What you have to do
Transcribe the data that follows in full. Leave out the pictures.

Data section
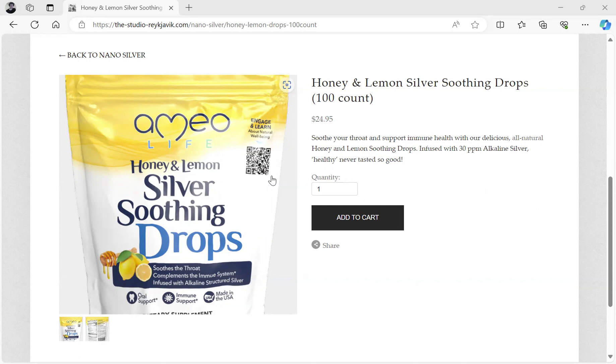So please go to my store, the-studio-reykjavik.com, and get the Honey and Lemon Silver Soothing Drops. The link is in the description of this video. Thank you for listening and have a nice day.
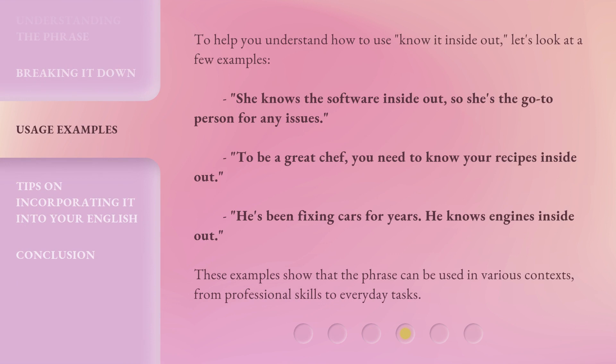To help you understand how to use 'know it inside out,' let's look at a few examples. She knows the software inside out, so she's the go-to person for any issues. To be a great chef, you need to know your recipes inside out. He's been fixing cars for years — he knows engines inside out. These examples show that the phrase can be used in various contexts, from professional skills to everyday tasks.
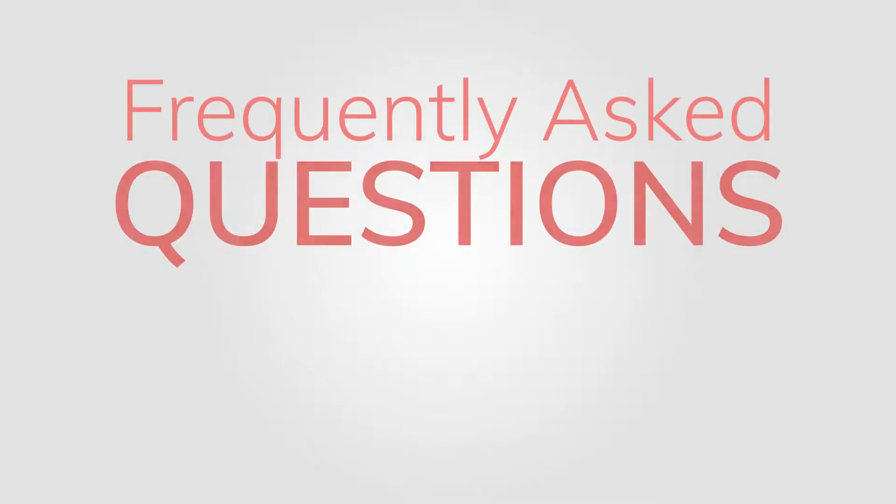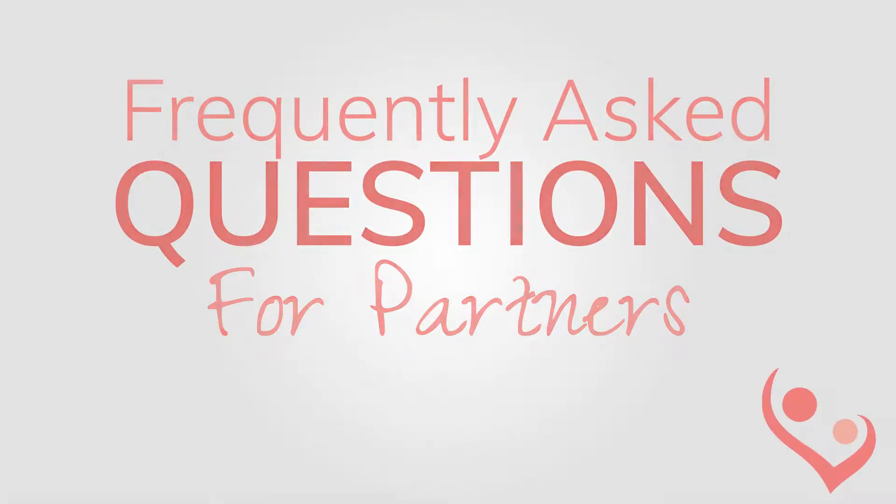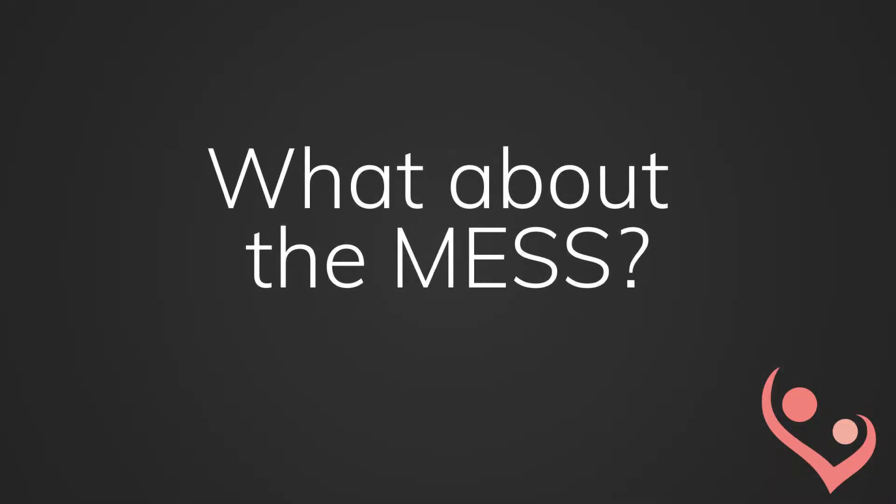Hi, this is Carrie Michalski from Thrive Midwives, and today I'm going to talk about the typical questions partners ask me about home birth. One of the first questions I get is about the mess — people want to know if it looks like a crime scene.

Result of the task
So please go to my store, the-studio-reykjavik.com, and get the Honey and Lemon Silver Soothing Drops. The link is in the description of this video. Thank you for listening and have a nice day.
To help you understand how to use 'know it inside out,' let's look at a few examples. She knows the software inside out, so she's the go-to person for any issues. To be a great chef, you need to know your recipes inside out. He's been fixing cars for years — he knows engines inside out. These examples show that the phrase can be used in various contexts, from professional skills to everyday tasks.
Hi, this is Carrie Michalski from Thrive Midwives, and today I'm going to talk about the typical questions partners ask me about home birth. One of the first questions I get is about the mess — people want to know if it looks like a crime scene.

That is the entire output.